Under the terms of the National Film Preservation Act, each year the Librarian of Congress names 25 films to the National Film Registry that are “culturally, historically or aesthetically” significant, to be preserved for all time. These films are not selected as the “best” American films of all time, but rather as works of enduring significance to American culture.
Annual selections to the registry are finalized by the Librarian after reviewing hundreds of titles nominated by the public (this year 2,112 films were nominated) and having extensive discussions with the distinguished members of the National Film Preservation Board, as well as the Library’s motion-picture staff. The Librarian urges the public to make nominations for next year’s registry at the Film Board’s website (www. loc.gov/film).
2010 National Film Registry:
Electronic Labyrinth: THX 1138 4EB (1967)

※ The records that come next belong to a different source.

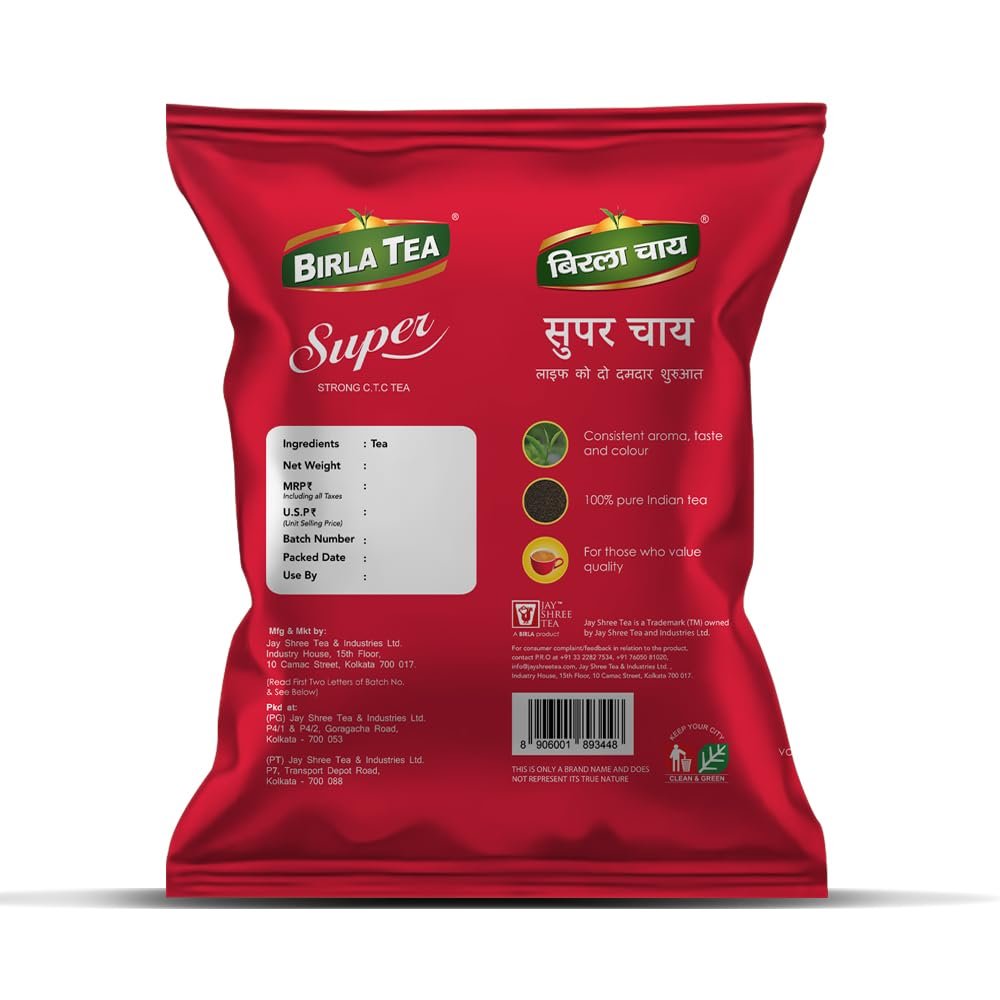 513uap3alal. sl1000 Birla Super Premium CTC Tea | Strong Kadak Chai with Refreshing Taste | Assam Black Tea | Loose Leaf | 2 X 250grams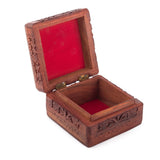 Artncraft Jewelry Box Novelty Item, Unique Artisan Traditional Hand Carved Rosewood Jewelry Box From India Inside Artncraft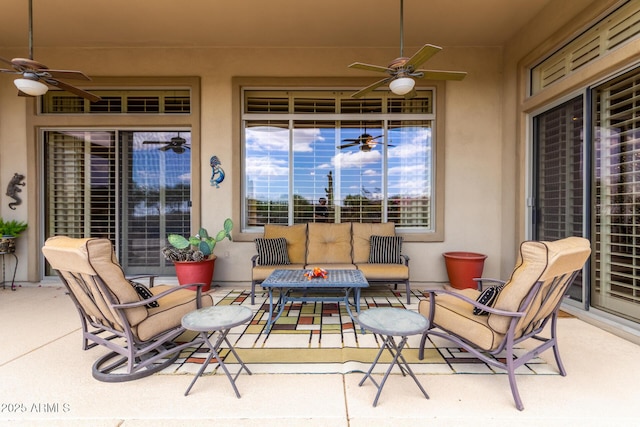 view of patio / terrace featuring outdoor lounge area and a ceiling fan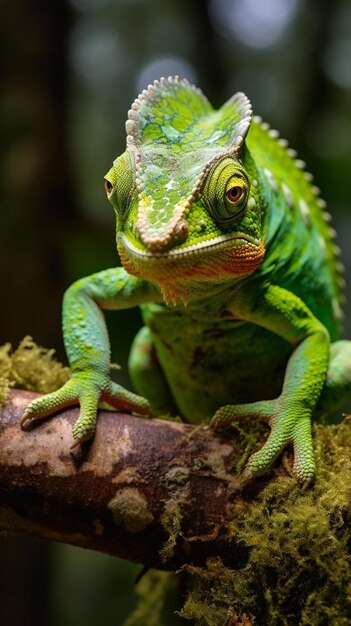 a green lizard with a green head and a green head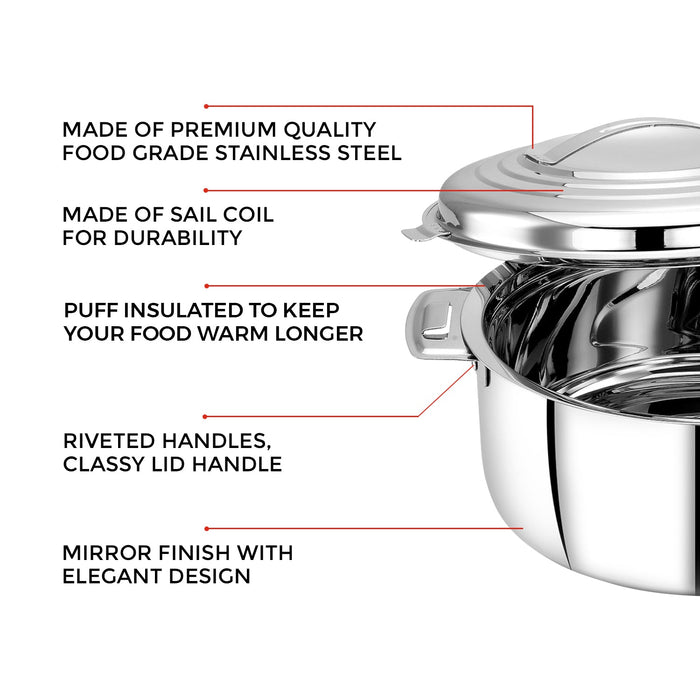 Platina Premium Casserole Gift Set (1000Ml, 1500Ml, 2500Ml) | Riveted Handles | Puf Insulated |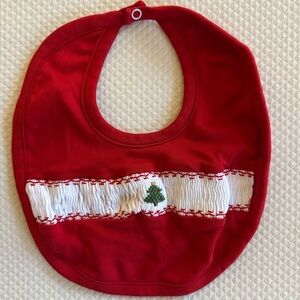 Kissy Kissy Smocked Red Baby Bib with Embroidered Tree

This 15-minute film, produced by George Lucas while a student at the University of Southern California, won the 1968 United States National Student Film Festival drama award and inspired Warner Bros. studio to sign Lucas to produce the expanded feature length THX 1138 under the tutelage of Francis Ford Coppola. This film has evoked comparisons to George Orwell’s 1984 and impressed audiences with its technical inventiveness and cautionary view of a future filled with security cameras and omnipresent scrutiny.
The Empire Strikes Back (1980)
The much anticipated continuation of the Star Wars saga, Irvin Kershner’s 1980 sequel sustained the action-adventure and storytelling success of its predecessor and helped lay the foundation for one of the most commercially successful film series in American cinematic history.
The Exorcist (1973)
The Exorcist is one of the most successful and influential horror films of all time. Its influence, both stylistically and in narrative, continues to be seen in many movies of the 21st century. The film’s success, both commercially and cinematically, provides a rare example of a popular novel being ably adapted for the big screen.